By Nicole D. Batey,
Special to the AFRO
The Children of Lanier Avenue Organization are inviting youth and their families to come out April 6 from 6-8 p.m. for a youth and police relations forum at the C.C. Jackson Recreation Center, 4910 Park Heights Ave. Dinner will be provided.
The center, which is less than a mile from the Northwestern police district station, averages an attendance of over 100 young people ages 15-24. They come for basketball, football, fitness and other activities.
In the past, organizer Mark Hughes has coordinated at least three to four other forums of this type since the early 2000s; this is his second one in the Park Heights area. He hopes to improve relations between the present generation of young people and law enforcement officers, and to host other community forums to help improve the quality of life for Park Heights residents.
“We’re putting this together
] request of the center’s staff, and we hope to have at least 50 attendees,” said Hughes. “It’s about building relationships with our young people. They need to see and interact with Black officers who care and dispel the stereotype that police officers are just occupiers. Also, there needs to be consistency with officers engaging our youth positively, and not merely to come after or harass them. Hopefully, this forum will help prompt that and we may even be able to get them to support more events at the rec center.”

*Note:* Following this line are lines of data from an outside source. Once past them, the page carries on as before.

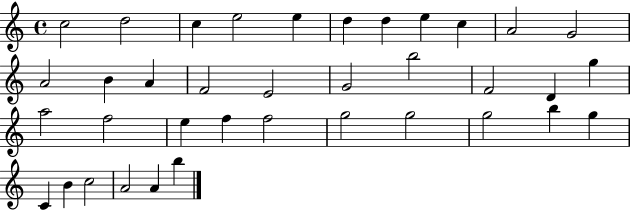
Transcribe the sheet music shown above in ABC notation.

X:1
T:Untitled
M:4/4
L:1/4
K:C
c2 d2 c e2 e d d e c A2 G2 A2 B A F2 E2 G2 b2 F2 D g a2 f2 e f f2 g2 g2 g2 b g C B c2 A2 A b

Hughes, a Park Heights resident himself and a former community organizer, has already noticed a difference in the attitude of police officers following the city’s consent decree issued in 2017.
“Since the decree, I’ve noticed there are officers out here trying to make a positive difference. When pulled over for a minor traffic violation, like a taillight that’s out, they weren’t aggressive about it or trying to find a reason to lock me up. Instead, the officer was like, ‘Oh, I just want to let you know you have a taillight out. You should go on and get that fixed—I’m not going to give you a ticket for that,’” said Hughes. “Whereas before the decree, there were officers who were looking for a reason to search my car or lock me up when I was pulled over in this area.”
The Baltimore City State’s Attorney Office, headed by Ivan Bates, will also participate in the forum. Hassan Giordano, the office’s Director of External Affairs, will share information about their internship program, and will be available to talk with the attendees one-on-one.
“Under Bates’ leadership, we are looking for ways to bring our voice into the community positively and bring the voice of the community into our office to help enhance the livelihood and public safety of every resident of this city. This forum is one such way,” said Giordano.
“Given the toxic environment today with police relations all over this country, we need spaces like this where we can come together, put aside our emotions and constructively deal with facts and laws…,” he added. “Our vision in being a part of this is to help provide information on what we do and the services we can provide to victims and their families as well as what these young people’s rights are and what they should do if they find themselves in a situation with law enforcement officers.”